Exercise — Reproduce the entries shown below only from the line with "Кафтар 5 сомони смотреть онлайн" down to the line with "Walnut - Flores de Bach 10ml", keeping both end lines and copying each one exactly.

Given data —
* * * * *

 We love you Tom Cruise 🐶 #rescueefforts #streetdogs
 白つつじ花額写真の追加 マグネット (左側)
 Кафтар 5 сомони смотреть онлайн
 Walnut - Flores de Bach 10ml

* * * * *

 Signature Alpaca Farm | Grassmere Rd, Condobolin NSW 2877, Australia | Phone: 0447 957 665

* * * * *

Solution to the problem —
 Кафтар 5 сомони смотреть онлайн
 Walnut - Flores de Bach 10ml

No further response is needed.